New construction, however, remains a challenge for many private lenders who rely on capital partners with Wall Street funding. While the builder market is heating up, the large institutions that ultimately purchase many of the industry’s loans have been shy to accept ground-up construction loans so far. The private lending industry was built on an ability to execute on atypical loans. In this case, the industry is facing headwinds, and many builders have been forced to go through bank channels instead.

First-Time Buyers
Behind this trifecta of growth we have a group that many assumed would rent forever but is now driving home-ownership demand: millennials. First-time buyers made up just over a third of sales this summer, and they are having trouble finding enough homes to buy.

“Although mortgage rates have ticked up recently, mortgage rates for purchases are likely to remain low for the foreseeable future as the Fed has pledged to maintain its stimulus commitment,” said Jason van den Brand, chief lending officer of Reali Loans. “While refinance activity has remained strong, the only thing holding back even more purchase activity is a shortage of entry-level homes for sale.”

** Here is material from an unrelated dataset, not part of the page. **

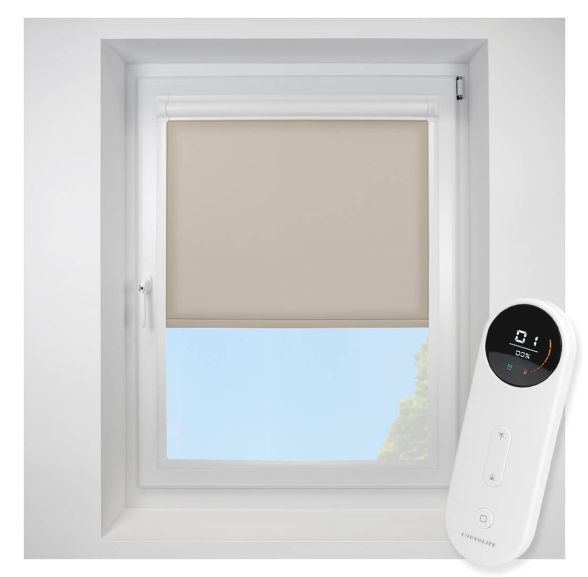 Pop Pebble Perfect Fit Roller Motorised Blind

Van den Brand’s comments are an enormous call to action for the private lending industry. Although large commercial homebuilders rely on bank financing, the private lending industry has served as the fuel behind America’s housing rehab economy. Banks are always slow to adapt coming out of economic shocks, so borrowers are increasingly looking to private lenders to fund their projects.

With families moving from the cities to the suburbs for more space, lenders are seeing a decrease of days-on-market in many markets. The resulting price stability (and growth) has led to a rebound in leverage that lenders are willing to take, not quite to pre-COVID levels, but significantly higher than what was being offered in April and May’s conservative markets.

Potential Challenges
The biggest potential challenge in the fourth quarter might be uncertainty around the election. History says home purchases typically drop at about twice the normal rate in the November of election years. The industry is hurt by a desire to defer major financial decisions until there is certainty in who will win the election. The impact is temporary and more about pushing out sales of homes to the following year than truly increasing or decreasing demand.

One particular area of uncertainty in the private lending industry is around the long-term rental product, which many lenders rolled out in the last few years. Such loans enabled borrowers to purchase and rehab a home, but instead of selling, they had the ability to roll their loan over into longer term financing and place a borrower in the home. The pandemic and the ensuing moratoriums on evictions quickly shut down the asset class in the spring. Since then, even the largest capital providers in the space have been inconsistent in renewing their appetite for funding these loans. With moratoriums continuing, a once-hot product remains on shaky ground.

Ultimately, the outlook on the housing market is a sharp turnaround from the spring. If mortgage rates remain as low as they are, unemployment continues to decrease, and the economy continues to recover, the housing market should remain vigorous through whatever happens in November.